To test this, I made three kernels:
$$k_1(x,y) = \frac{1}{1+\|x-y\|^2}\\ k_2(x,y) = \frac{1}{\|x-y\|^2}\\ k_3(x,y) = e^{-\|x-y\|^2/\sigma}$$
Clearly, $k_1$ and $k_3$ are well behaved, whereas $k_2$ blows up.
I generated 500 equidistant points on an interval, evaluated the kernel at these points, computed SVD of the resulting kernel matrix, and plotted the singular values, giving the expected result:
Kernel 1 and Kernel 3 are indeed approximately low rank (their spectrum decays fast), whereas Kernel 2 does not.
Indeed, the rank-10 reconstruction of kernel 1 and kernel 3 are fairly reasonable, where as kernel 2 is a disaster:
Relative error for 1/(1+dist): 0.253009, 1/(dist): 0.999517, gaussian: 0.012810
My question is why does the "smoothness" of the kernel affect its rank? I think of rank as the dimension of the range of the matrix--how is that affected by smoothness of the kernel?

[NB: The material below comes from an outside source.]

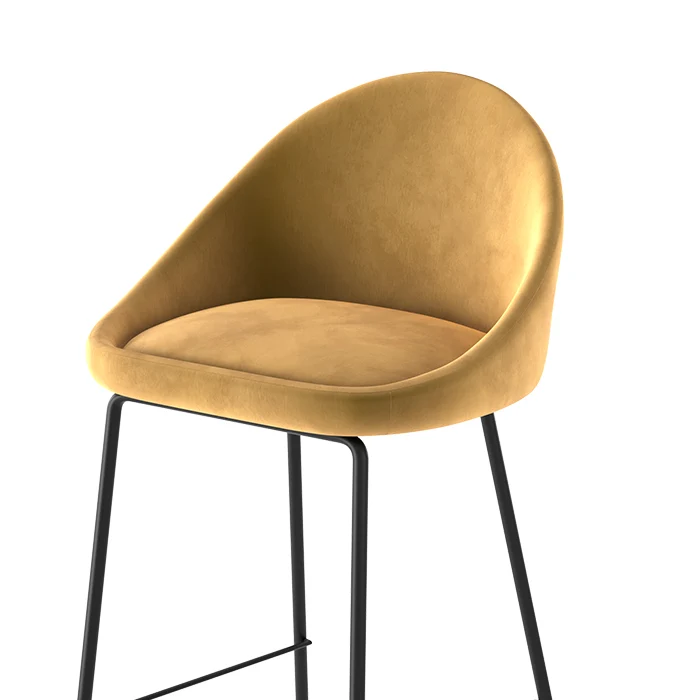Chaise de bar mi-hauteur Misty en velours jaune 65 cm (lot de 2)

Matlab code for this demonstration:
bmin = -50; nboxes = 500; bmax = 50;
spacing = (bmax-bmin)/nboxes;
interpolation_nodes = bmin:spacing:bmax;
distmatrix = squareform(pdist(interpolation_nodes'));
kernel1 = 1./(1+distmatrix);
kernel2 = 1./(.0001+distmatrix.^2);
kernel3 = exp(-distmatrix./mean(distmatrix(:)));
subplot(1,3,1); [U1 S1 V1] = svd(kernel1); plot(diag(S1), 'linewidth',4); ylim([0,max(S1(:))]); title('1/(1+r^2)')
subplot(1,3,2);[U2 S2 V2] = svd(kernel2); plot(diag(S2), 'linewidth',4);ylim([0,max(S2(:))]); title('1/(r^2)')

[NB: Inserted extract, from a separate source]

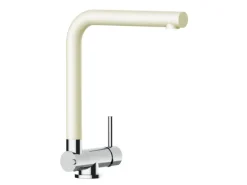 VIZIO Wasserhahn Vorfenster Küchenarmatur Umklappbar 45 CM mit 360° Schwenkbarem L Auslauf Verchromt Sand Beige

subplot(1,3,3);[U3 S3 V3] = svd(kernel3); plot(diag(S3), 'linewidth',4);ylim([0,max(S3(:))]);title('e^{-r^2/sigma}')
error1 = norm(U1(:,1:10)*S1(1:10,1:10)*V1(:,1:10)' - kernel1)/norm(kernel1);
error2 = norm(U2(:,1:10)*S2(1:10,1:10)*V2(:,1:10)' - kernel2)/norm(kernel2);
error3 = norm(U3(:,1:10)*S3(1:10,1:10)*V3(:,1:10)' - kernel3)/norm(kernel3);
fprintf('Relative error for 1/(1+dist): %f, 1/(dist): %f, gaussian: %f\n', error1,error2,error3);